◆ Stored data:
·····

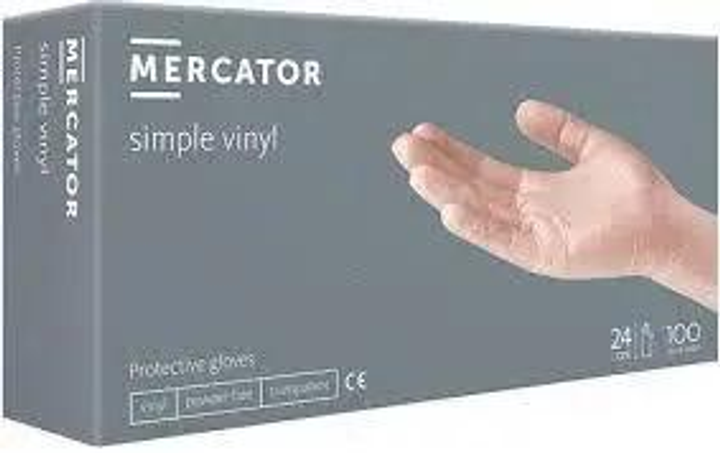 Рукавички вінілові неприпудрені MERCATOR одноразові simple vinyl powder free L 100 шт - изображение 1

·····

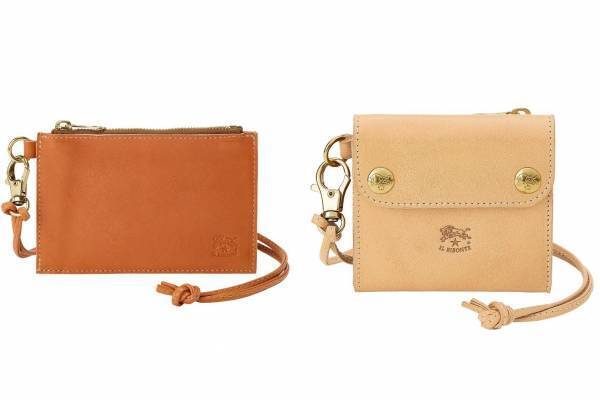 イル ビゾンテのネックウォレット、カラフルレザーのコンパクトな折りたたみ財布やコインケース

·····

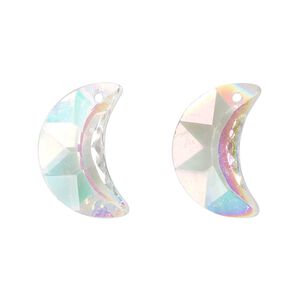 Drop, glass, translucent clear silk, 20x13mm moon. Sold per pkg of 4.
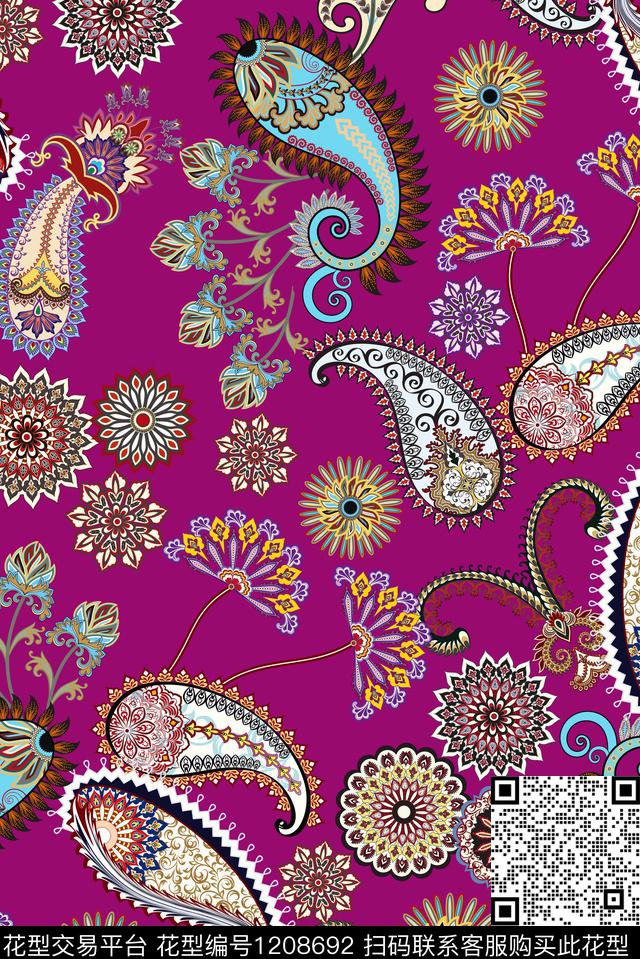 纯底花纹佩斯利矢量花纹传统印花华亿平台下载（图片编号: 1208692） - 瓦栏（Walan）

·····

Respond with the exact lines above running from the one containing "Drop, glass, translucent" to the one containing "纯底花纹佩斯利矢量花纹传统印花华亿平台下载（图片编号: 1208692） - 瓦栏（Walan）", both ends kept and no pictures included.

◆ Exercise solution:
 Drop, glass, translucent clear silk, 20x13mm moon. Sold per pkg of 4.
 纯底花纹佩斯利矢量花纹传统印花华亿平台下载（图片编号: 1208692） - 瓦栏（Walan）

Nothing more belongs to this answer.